[-empyre-] Computational Poetics
Aleksandra in her first post has opened up a series of fascinating
discussions, but the chief one is, obviously, to determine what
'computational poetics' offers that no other poetics can; that it is not
just delivering a variant on existing practice by other means. In trying to
define an unknown we are limited in our thinking by the knowns we use to say
what the unkown is not, and the true nature of the beast is often hit upon
by structured serendipity. The totally defined practice is the dead
butterfly pinned to the board.
Central to Aleksandra's first post was the idea that braiding is possible
because the work springs directly out of and responds to a community. Her
later description of current approaches to shadow puppetry suggests this is
a state of prelapsarian bliss, probably suggested by Artaud's solipsistic
romanticism. Although any live theatrical performance has elements of
braiding, (apart from 'Les Miserables'), true braiding as being talked about
here can only result in work springing from a social rather than a purely
commercial context.
In trying to fit 'computational poetics' into a theoretical overview and
quoting authorities, we are putting the cart before the horse. If we accept
'computational poetics' as defined by the example of shadow puppetry, we
should be asking what community it is drawn from and responding to. From
whence can its braiding come? We won't know until it does, and since
community is one of the most devalued current cant terms, I'm not hopeful.

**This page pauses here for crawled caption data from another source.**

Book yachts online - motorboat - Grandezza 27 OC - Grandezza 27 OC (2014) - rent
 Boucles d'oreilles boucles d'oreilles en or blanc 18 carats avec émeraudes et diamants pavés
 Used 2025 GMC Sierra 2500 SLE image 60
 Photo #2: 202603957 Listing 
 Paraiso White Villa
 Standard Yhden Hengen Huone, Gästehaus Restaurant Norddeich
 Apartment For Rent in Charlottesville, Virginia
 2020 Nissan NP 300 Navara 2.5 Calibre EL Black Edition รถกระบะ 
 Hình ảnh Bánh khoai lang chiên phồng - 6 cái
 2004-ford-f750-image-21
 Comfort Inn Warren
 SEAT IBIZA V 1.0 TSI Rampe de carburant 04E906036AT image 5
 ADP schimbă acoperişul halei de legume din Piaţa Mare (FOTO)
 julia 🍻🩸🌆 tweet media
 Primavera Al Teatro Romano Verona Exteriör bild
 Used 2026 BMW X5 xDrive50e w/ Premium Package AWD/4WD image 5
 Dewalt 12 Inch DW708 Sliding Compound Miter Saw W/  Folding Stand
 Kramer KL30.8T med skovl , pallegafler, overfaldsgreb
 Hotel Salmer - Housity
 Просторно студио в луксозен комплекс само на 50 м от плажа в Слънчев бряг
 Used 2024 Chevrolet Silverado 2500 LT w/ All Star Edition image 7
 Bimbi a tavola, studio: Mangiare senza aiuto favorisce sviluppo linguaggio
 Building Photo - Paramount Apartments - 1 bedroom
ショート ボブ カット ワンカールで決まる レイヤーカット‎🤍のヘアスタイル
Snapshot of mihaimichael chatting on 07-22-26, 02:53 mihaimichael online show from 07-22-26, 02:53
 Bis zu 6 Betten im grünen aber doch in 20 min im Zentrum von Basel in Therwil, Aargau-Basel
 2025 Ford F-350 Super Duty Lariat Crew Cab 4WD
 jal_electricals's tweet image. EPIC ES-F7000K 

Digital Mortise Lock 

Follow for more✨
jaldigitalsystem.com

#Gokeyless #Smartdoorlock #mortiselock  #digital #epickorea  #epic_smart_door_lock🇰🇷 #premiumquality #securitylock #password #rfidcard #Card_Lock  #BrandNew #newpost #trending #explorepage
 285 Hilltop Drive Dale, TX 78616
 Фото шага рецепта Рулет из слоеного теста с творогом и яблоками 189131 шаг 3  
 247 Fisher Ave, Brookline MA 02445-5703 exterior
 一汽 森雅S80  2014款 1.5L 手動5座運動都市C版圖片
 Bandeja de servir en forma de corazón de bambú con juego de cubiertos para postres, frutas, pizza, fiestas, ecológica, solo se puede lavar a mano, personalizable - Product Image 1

There is certainly no real community in cyberspace per se.
Alan Drury.
PS: This is my first post. I'm a playwright, director and amateur conjuror.
What Svoboda was being quoted as inventing in 1958 was being done in a
simpler form by vaudeville illusionists in the late 1920s and early 1930s. A
less sophisticated form of braiding is happening as I write in pantomimes up
and down the UK, mainly outside of London.